§ EXERCISE BRIEF
Your task is to repeat all of the data exactly while excluding the pictures.
++++ RECORDS FOR THIS EXERCISE
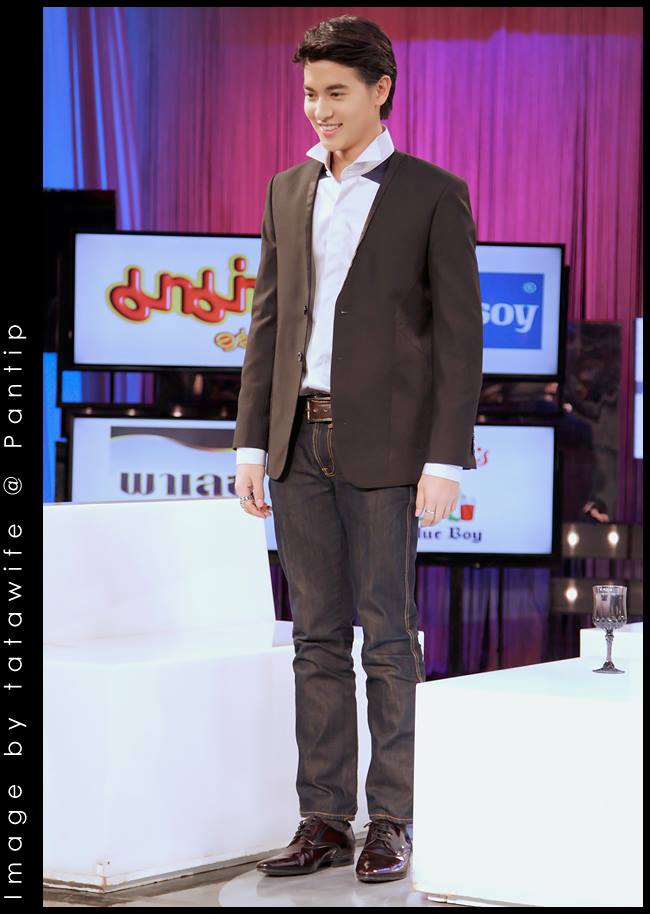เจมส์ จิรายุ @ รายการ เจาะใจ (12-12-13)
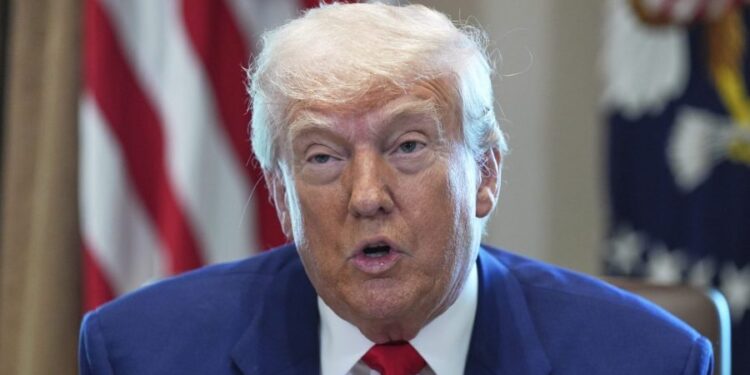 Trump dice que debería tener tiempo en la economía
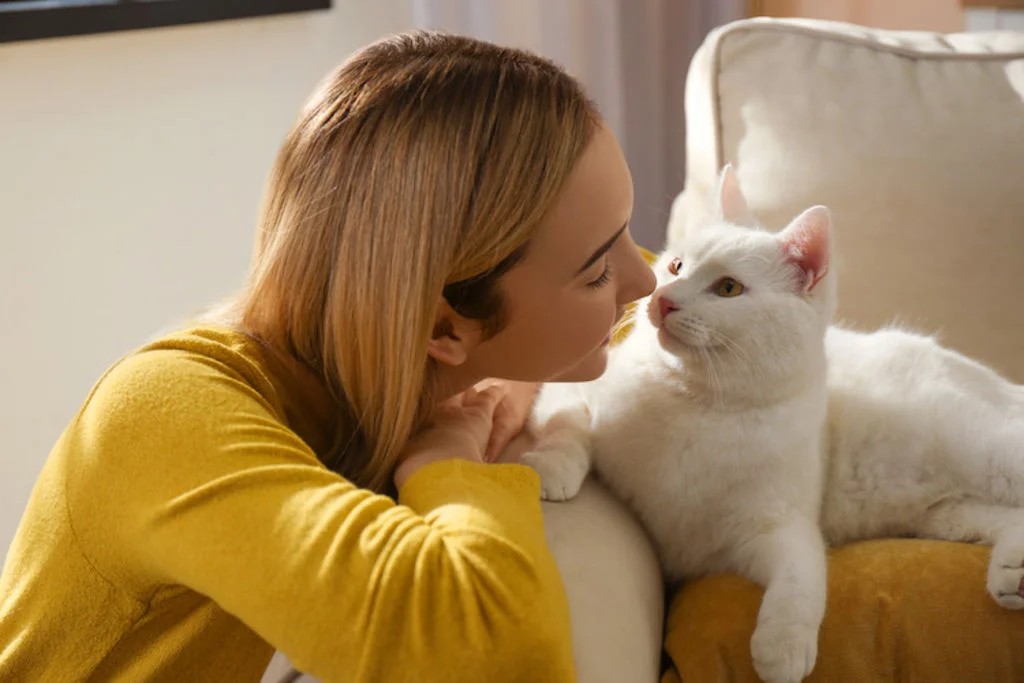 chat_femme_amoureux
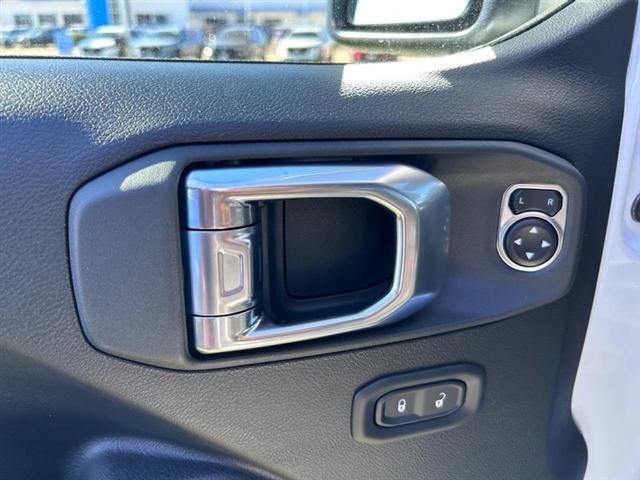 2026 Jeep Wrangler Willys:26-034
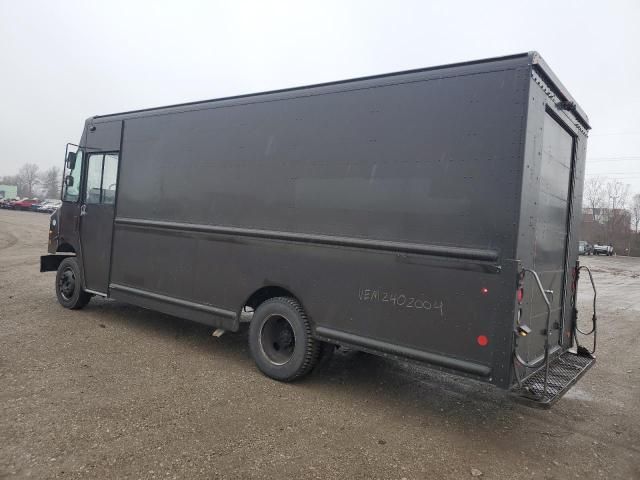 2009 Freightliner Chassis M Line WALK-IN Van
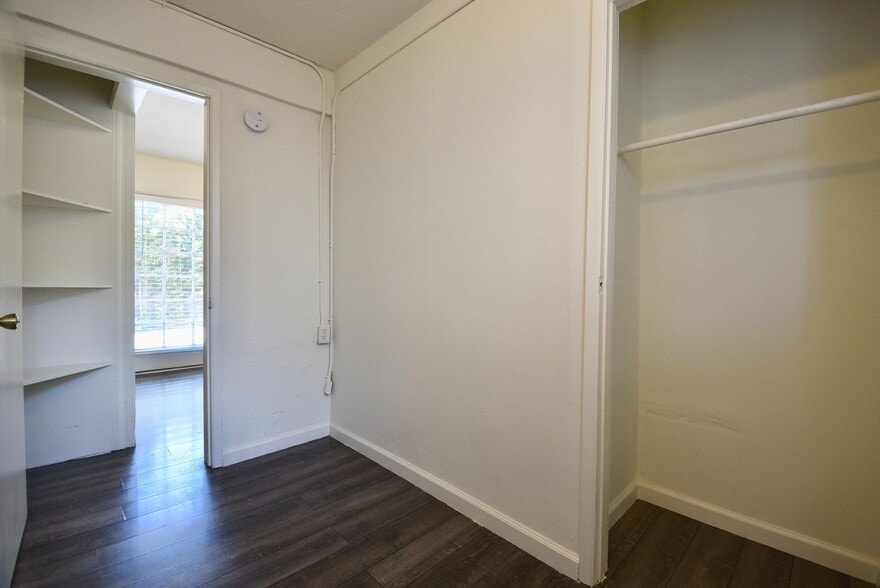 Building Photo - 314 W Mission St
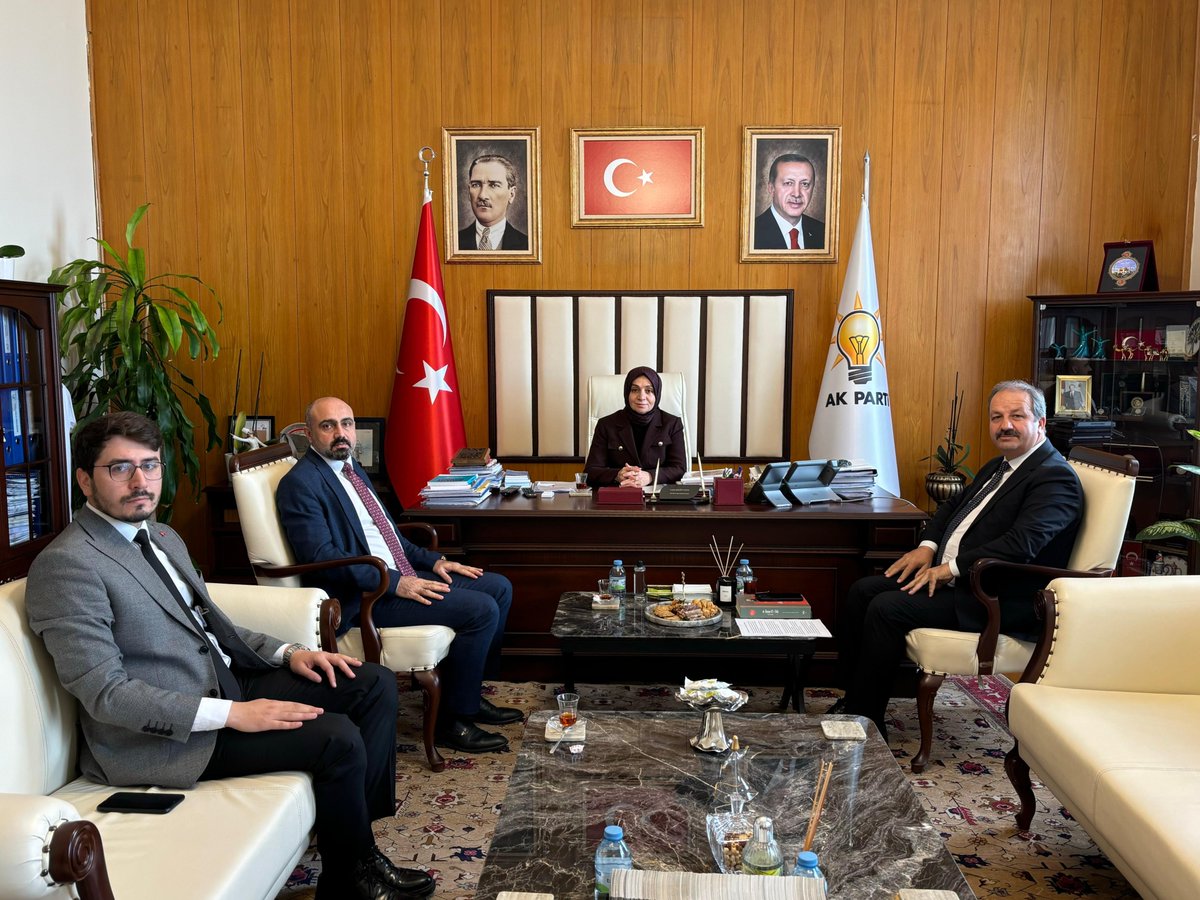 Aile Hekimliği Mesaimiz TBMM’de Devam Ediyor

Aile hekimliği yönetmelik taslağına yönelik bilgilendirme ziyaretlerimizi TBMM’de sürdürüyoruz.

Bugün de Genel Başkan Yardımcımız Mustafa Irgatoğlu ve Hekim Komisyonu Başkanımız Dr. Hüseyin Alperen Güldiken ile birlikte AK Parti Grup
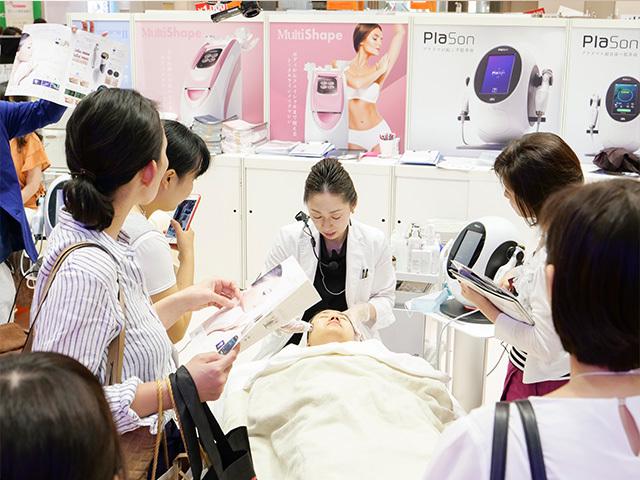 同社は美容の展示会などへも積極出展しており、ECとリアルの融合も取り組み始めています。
++++++++
§ REPLY
เจมส์ จิรายุ @ รายการ เจาะใจ (12-12-13)
 Trump dice que debería tener tiempo en la economía
 chat_femme_amoureux
 2026 Jeep Wrangler Willys:26-034
 2009 Freightliner Chassis M Line WALK-IN Van
 Building Photo - 314 W Mission St
 Aile Hekimliği Mesaimiz TBMM’de Devam Ediyor

Aile hekimliği yönetmelik taslağına yönelik bilgilendirme ziyaretlerimizi TBMM’de sürdürüyoruz.

Bugün de Genel Başkan Yardımcımız Mustafa Irgatoğlu ve Hekim Komisyonu Başkanımız Dr. Hüseyin Alperen Güldiken ile birlikte AK Parti Grup
 同社は美容の展示会などへも積極出展しており、ECとリアルの融合も取り組み始めています。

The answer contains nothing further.